_Supplied records_

↓

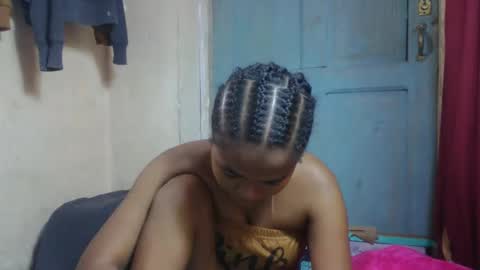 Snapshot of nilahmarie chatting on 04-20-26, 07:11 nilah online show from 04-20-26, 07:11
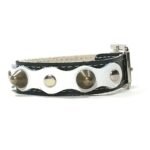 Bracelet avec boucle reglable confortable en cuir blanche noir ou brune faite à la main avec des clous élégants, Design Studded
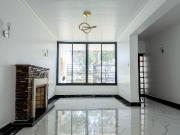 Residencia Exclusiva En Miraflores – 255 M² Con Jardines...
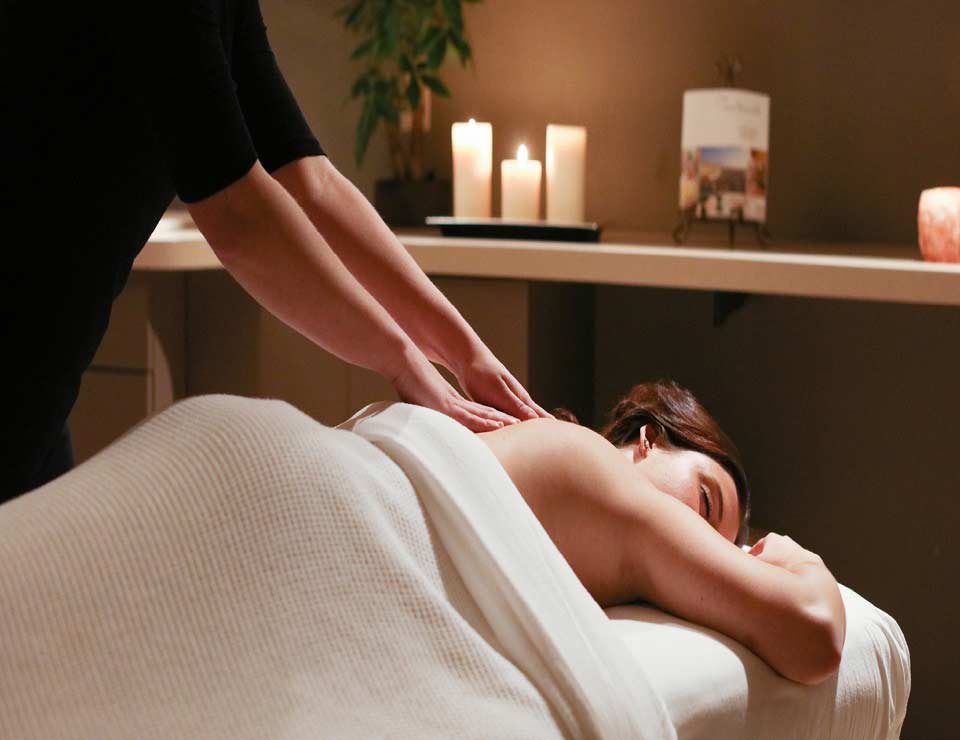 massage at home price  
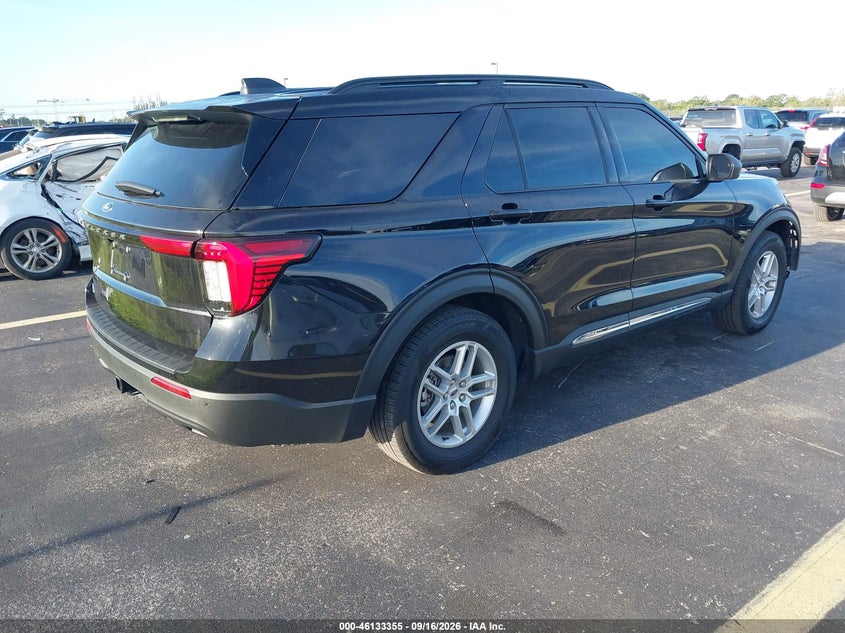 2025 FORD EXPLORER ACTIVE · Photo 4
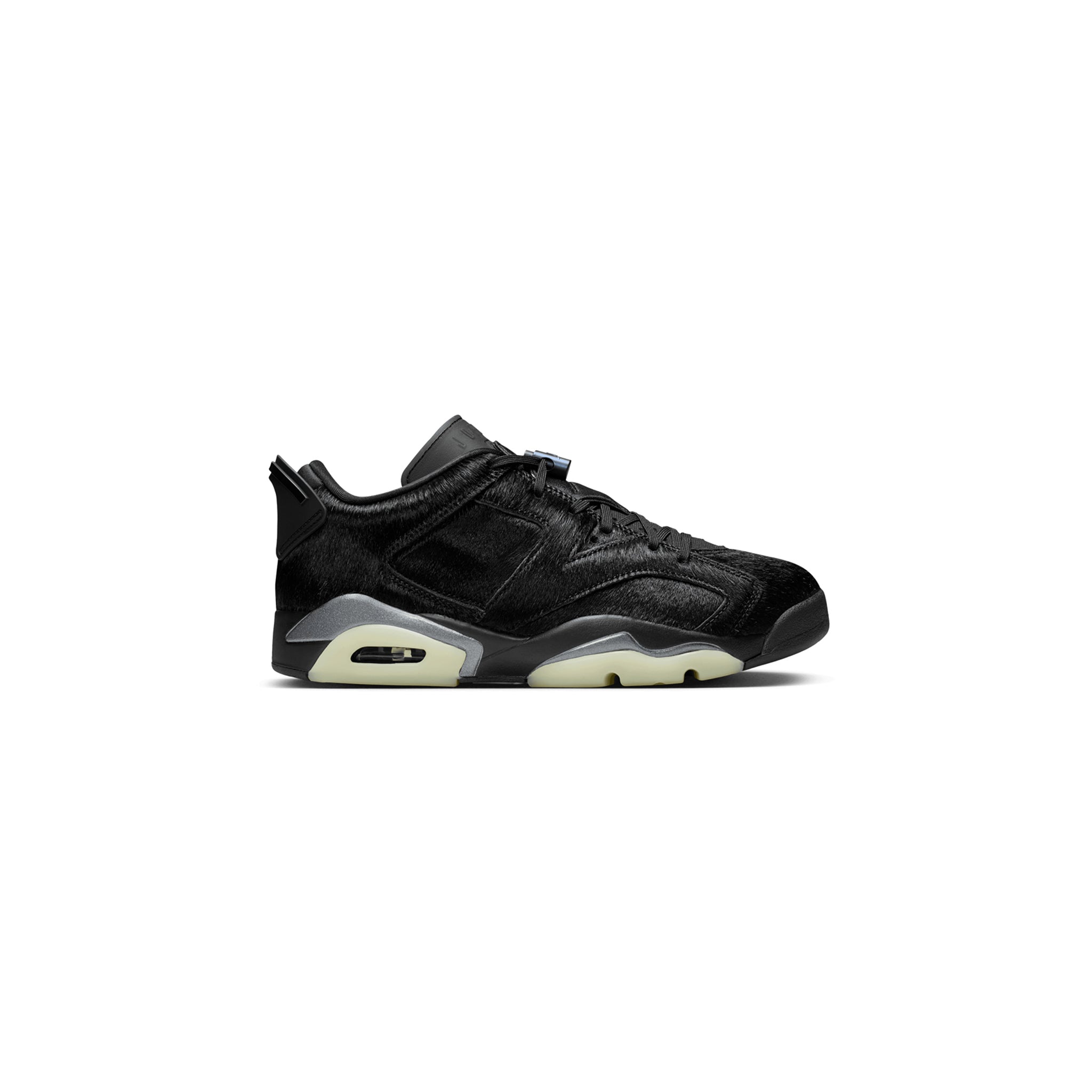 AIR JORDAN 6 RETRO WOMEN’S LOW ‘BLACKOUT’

↑
↓

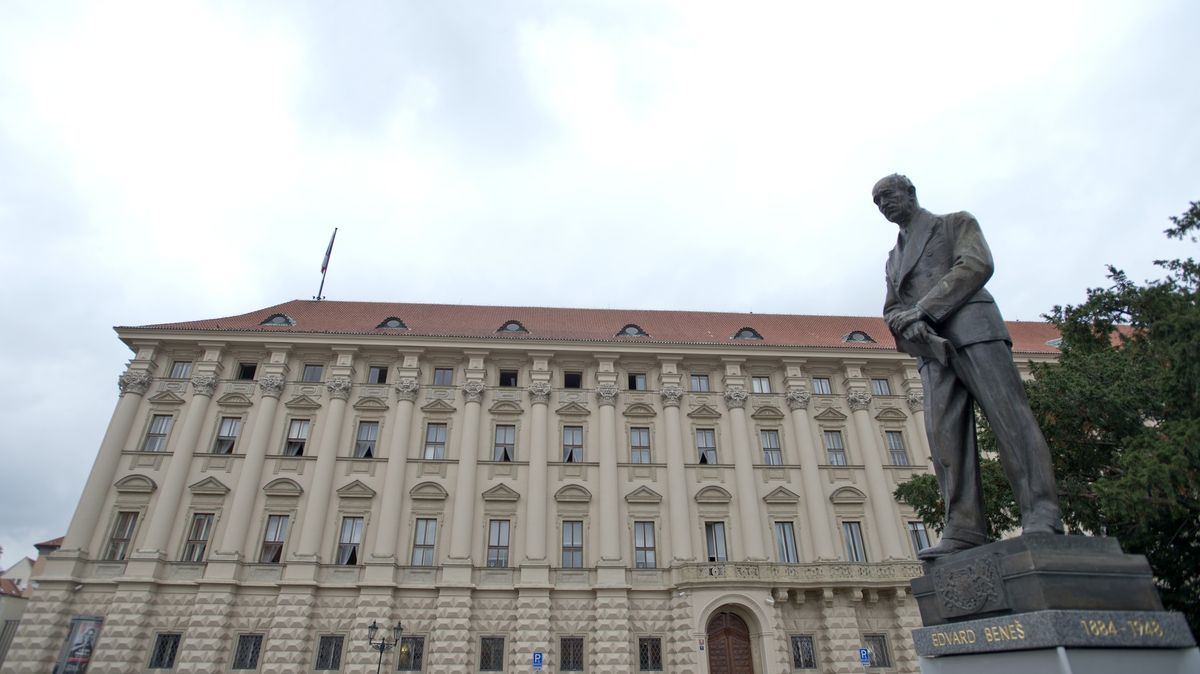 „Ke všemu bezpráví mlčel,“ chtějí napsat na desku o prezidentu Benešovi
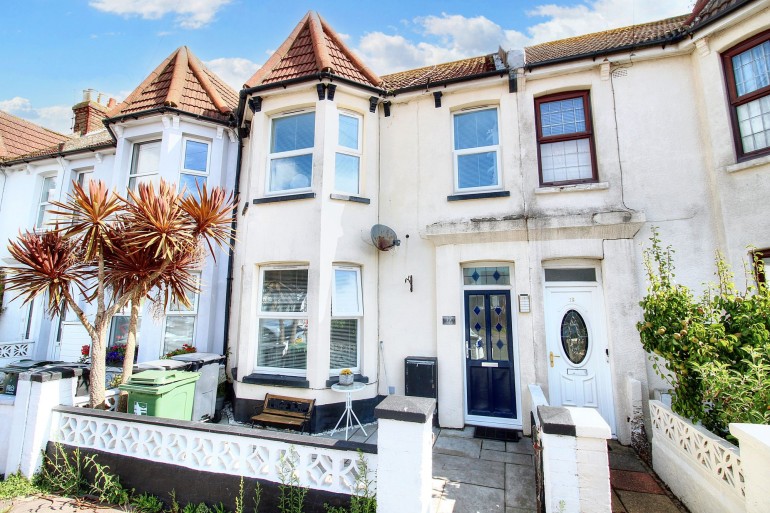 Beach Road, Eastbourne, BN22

↑
↓

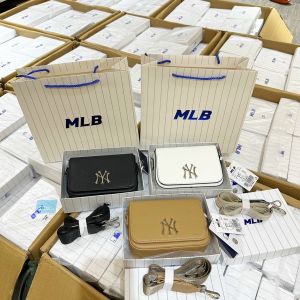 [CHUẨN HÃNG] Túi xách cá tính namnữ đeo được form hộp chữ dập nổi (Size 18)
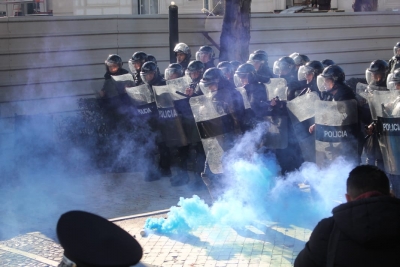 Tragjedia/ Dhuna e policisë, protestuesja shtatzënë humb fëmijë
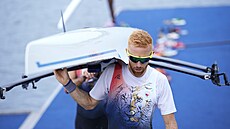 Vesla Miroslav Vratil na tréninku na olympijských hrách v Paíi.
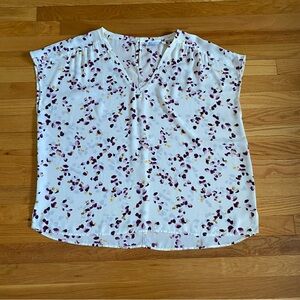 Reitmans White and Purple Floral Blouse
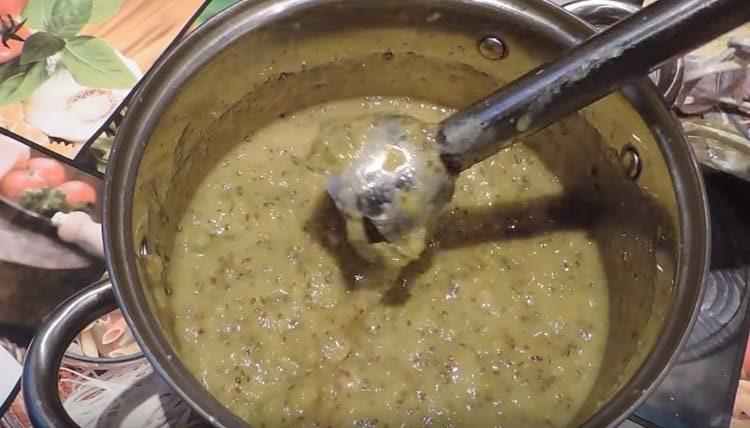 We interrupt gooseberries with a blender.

↑

_Aim of the exercise_
Only one stretch of the material above is wanted: the line containing "Vesla Miroslav Vratil" through the line containing "We interrupt gooseberries with a blender.". Restate it word for word, minus the pictures.

_Task result_
 Vesla Miroslav Vratil na tréninku na olympijských hrách v Paíi.
 Reitmans White and Purple Floral Blouse
 We interrupt gooseberries with a blender.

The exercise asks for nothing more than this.